The smell now emanating from Yallahs (small) Pond — there are two ponds — is due to gases; mainly hydrogen sulphide, apparently resulting from the growth of algae. This is a characteristic of brackish ponds in the tropics, but it is not a common occurrence.

I have visited the pond hundreds of times over the past 40 years — as a birdwatcher it is one of my favourite locations — and have taken note of the seasonal changes year after year.

The water level in the pond rises during the rainy season and falls due to evaporation during the hot dry summer months. In drought years the level gets extremely low, and the salt level very high. I once analysed this very salty liquid and found it three times as salty as the sea.

The phenomenon of algal growth and offensive smell occurs infrequently — maybe twice per decade — and I suspect is triggered by an optimum salt concentration. Since this year, it has occurred in August/September after the lowest pond level began to be diluted by rainfall. Heavy rains will further reduce the salinity and the algae will disappear; but this has not happened yet.

Although they look fragile, the ponds are ancient and appear on the earliest maps of Jamaica. I once found a Taino arrowhead there, which is not unexpected as they depended considerably on shellfish. The only time the ponds are joined to the sea has been when exceedingly heavy rains raise the water level and the excess water pressure breaks through the "safety valve" at the lowest point of the protecting ridge, where NWA is now excavating.

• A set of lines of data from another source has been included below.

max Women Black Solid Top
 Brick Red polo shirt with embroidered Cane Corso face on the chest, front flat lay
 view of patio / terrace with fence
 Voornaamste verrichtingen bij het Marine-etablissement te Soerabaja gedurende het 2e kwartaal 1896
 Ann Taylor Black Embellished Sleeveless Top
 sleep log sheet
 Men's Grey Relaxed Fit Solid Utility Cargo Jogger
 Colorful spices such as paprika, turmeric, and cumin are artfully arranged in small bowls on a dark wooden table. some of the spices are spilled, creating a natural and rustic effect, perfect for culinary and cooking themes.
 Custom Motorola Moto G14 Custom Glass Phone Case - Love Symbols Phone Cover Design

This has happened to my knowledge three times in the past forty years, and the event I remember best was in September 1979 when the water rose more than two feet overnight and burst through to the sea. A gap about thirty feet wide let in the sea, and the pond became, in effect, a bay. However, when I went back three months later the breach was completely closed by natural wave action on the seashore — I hope and expect that the same natural corrective action will close the gap now being created by the NWA.

Incidentally, at this same time September 1979, the famous Mother Rock Spring on the hill behind the pond came back to life after many dormant years

Although the pond is quite shallow, it contains a lot of fish, which are caught and used by local people. These fish are able to adapt to changing levels of salinity up to a point, but when it passes that point all the fish die and another source of offensive smell develops as the dead fish rot. But this is short-lived, as an army of John Crows come in to feast, leaving only bones. Strangely, as soon as the rains replenish the ponds and water levels rise, a new generation of fish appear.

John Fletcher

johnofletcher@gmail.com

So that explains the smell!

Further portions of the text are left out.